The original datasets can be found here and used with approval ADNI Access Data and Samples

This data set requires downloading a DUA form and siging off prior to download. For more information about the dataset

Software

To interact with spreadsheets, we can use LibreOffice, Microsoft Excel, Gnumeric, Onlyoffice, WPS office or other programs. Commands may differ a bit between programs, but the general ideas for thinking about spreadsheets are the same.

For this lesson, we will mainly use Microsoft Excel. If you do not have access to Microsoft Excel, you can also use LibreOffice, which is a free, open source spreadsheet program. Many functions will be similar to Excel.

macOS users who use Apple’s Numbers application should note that it does not contain some of the features (particularly data validation) that we will be using. Please use LibreOffice or Microsoft Excel instead.

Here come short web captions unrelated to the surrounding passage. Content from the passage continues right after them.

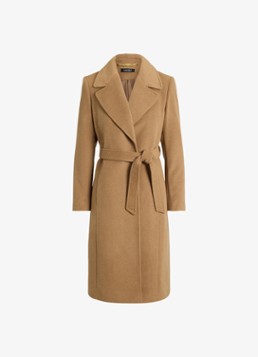 Ralph Lauren Dames Mantel in kasjmierblend met schoudervulling en ceintuur in de kleur New Vicuna / Beige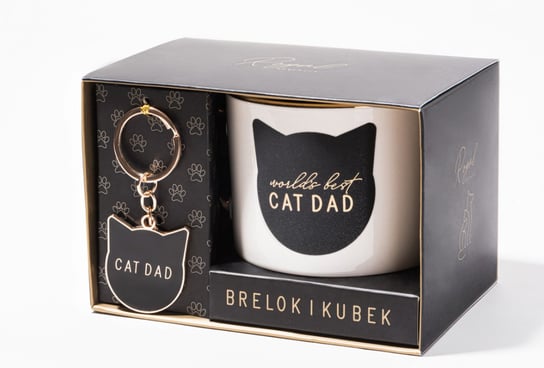 Brelok I Kubek, Royal Cat Dad, Czarny 250 ml, Be happy, czarny Be Happy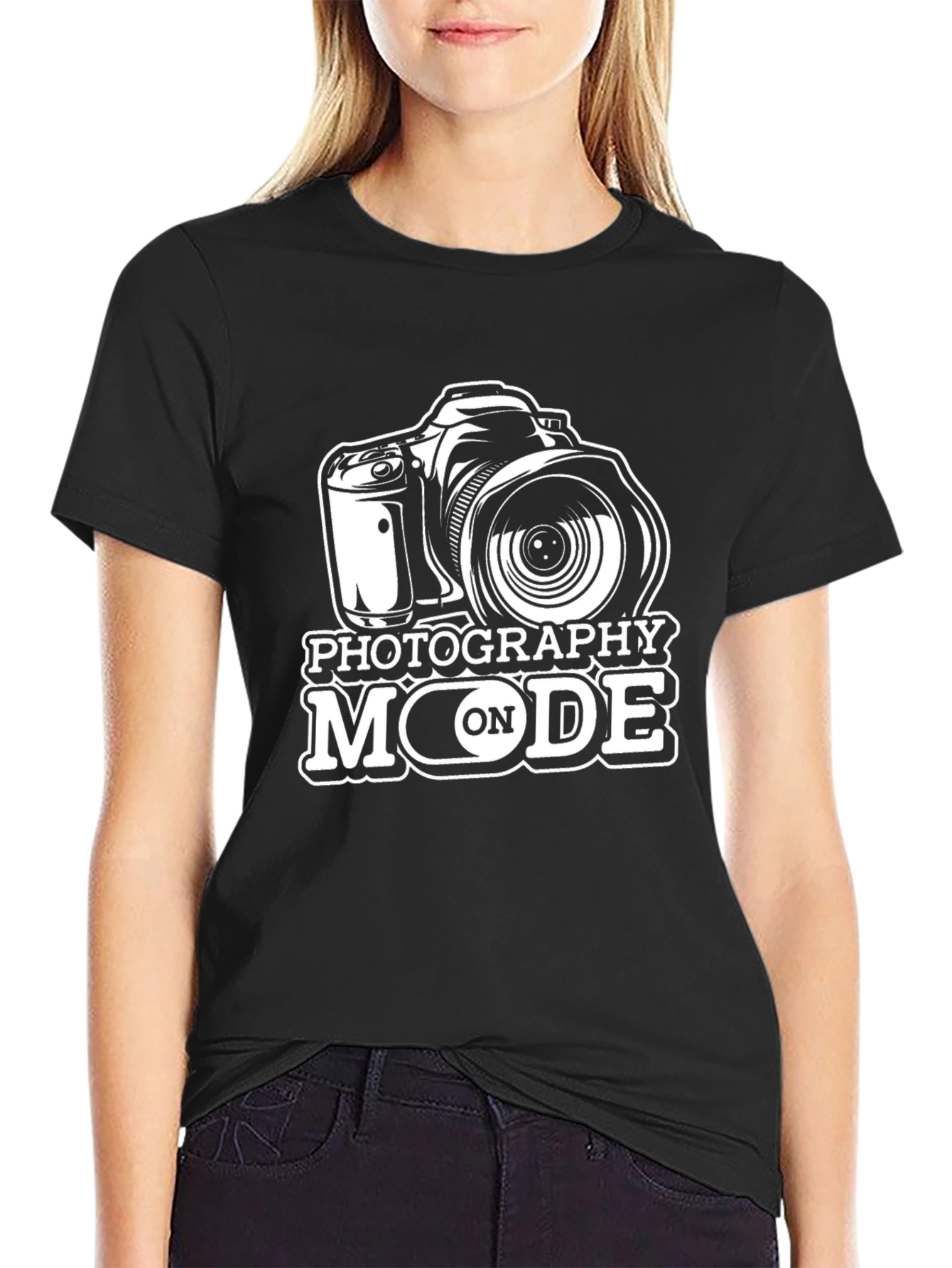 Photography Mode ON Black Graphic Tee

LibreOffice installation (optional)

Windows/macOS
  • Download the Installer
  • Install LibreOffice by going to the installation page. The version for Windows/Mac should automatically be selected. Click Download Version X.X.X (whichever is the most recent version).
  • Install LibreOffice
  • Once the installer is downloaded, double click on it and LibreOffice should install.
Linux
  • Download the Installer
  • Install LibreOffice by going to the installation page. The version for Linux should automatically be selected. Click Download Version X.X.X (whichever is the most recent version).
  • Install LibreOffice
  • Once the installer is downloaded, double click on it and LibreOffice should install.
  • package manager option:
    • pacman (Arch): pacman -S libreoffice
    • yum (Fedora, CentOS): yum install libreoffice
    • apt (Debian, Ubuntu): apt install libreoffice